- _WORK REQUIRED_
Without any pictures, retype exactly the lines from the one with "Фото: Galyna Andrushko/Shutterstock/Fotodom" through the final line of the records.

(Captioned web images)
....................
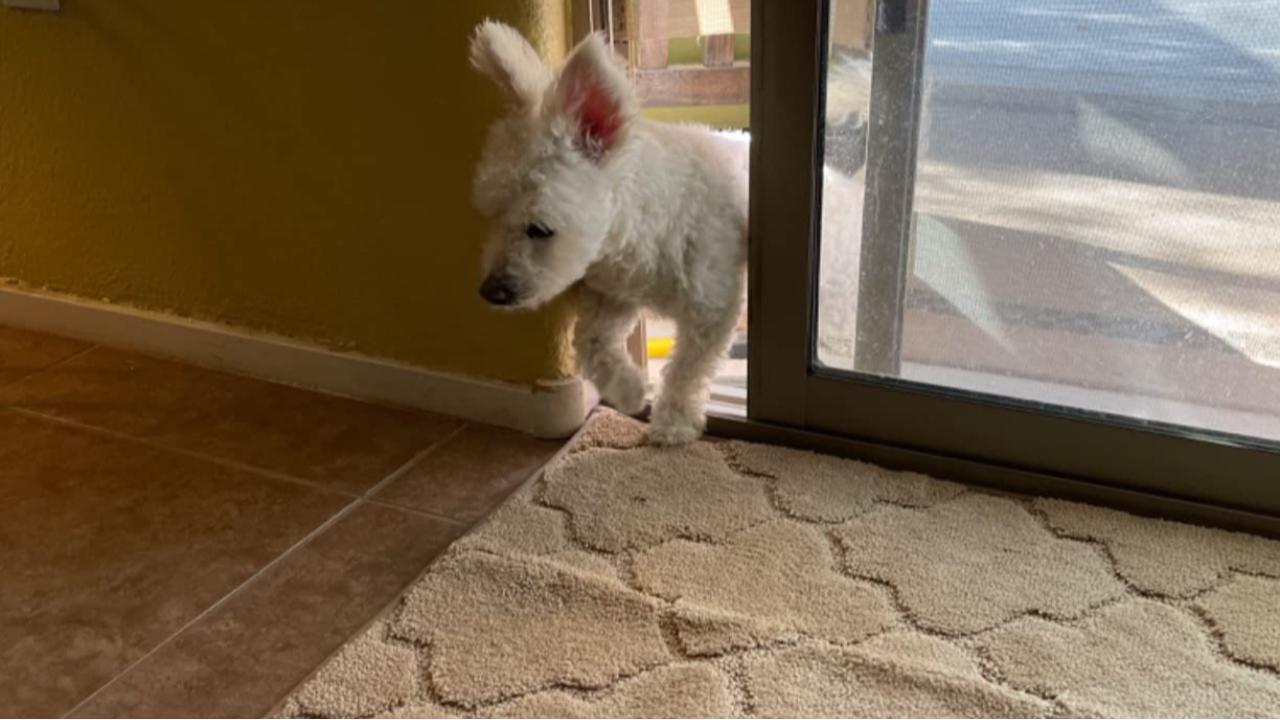 Why Should You Shop Door Rug Sizes from COSY HOMEER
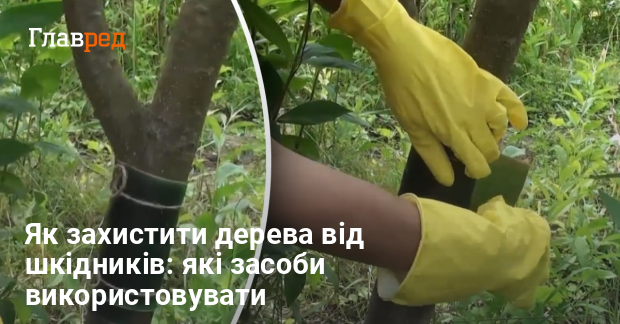Як захистити дерева від шкідників: які засоби використовувати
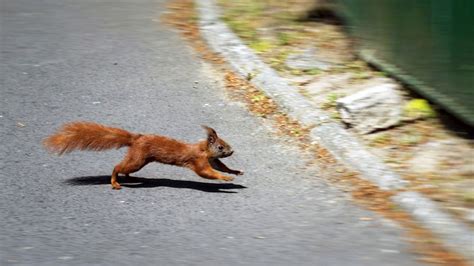 Image result for Girls Running Over Squirrels with Their Cars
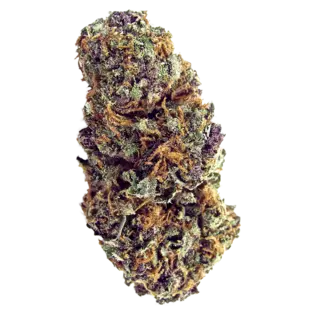 (g) Fast Forbidden Fruit - .5g Preroll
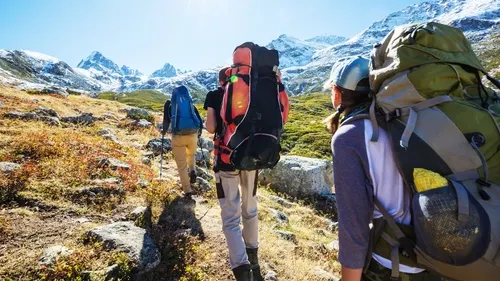 Фото: Galyna Andrushko/Shutterstock/Fotodom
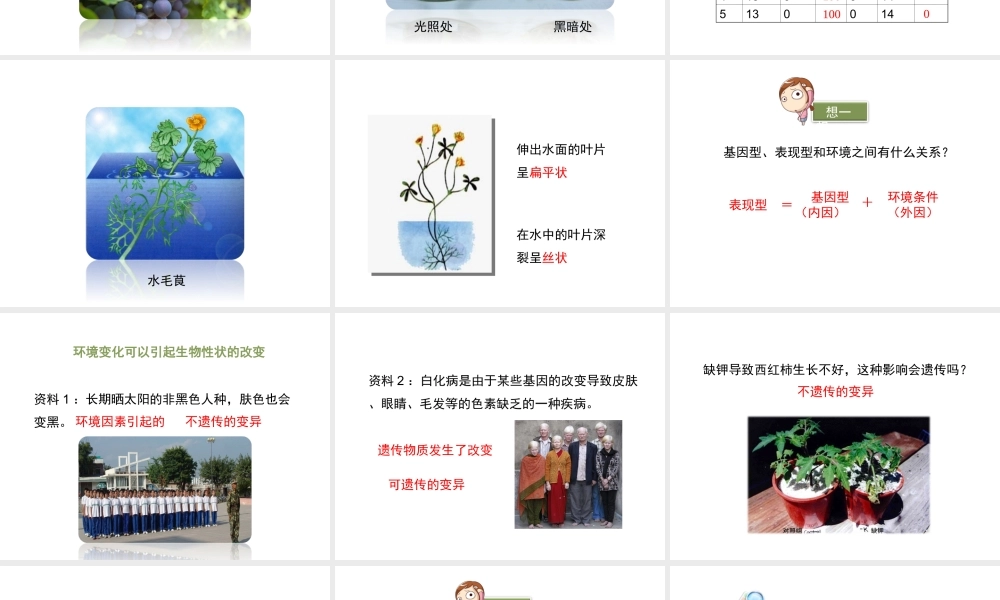 八年级生物上册  遗传与环境课件（2）（新版）北师大版-（新版）北师大级上册生物课件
....................
- _RESULT_
 Фото: Galyna Andrushko/Shutterstock/Fotodom
 八年级生物上册  遗传与环境课件（2）（新版）北师大版-（新版）北师大级上册生物课件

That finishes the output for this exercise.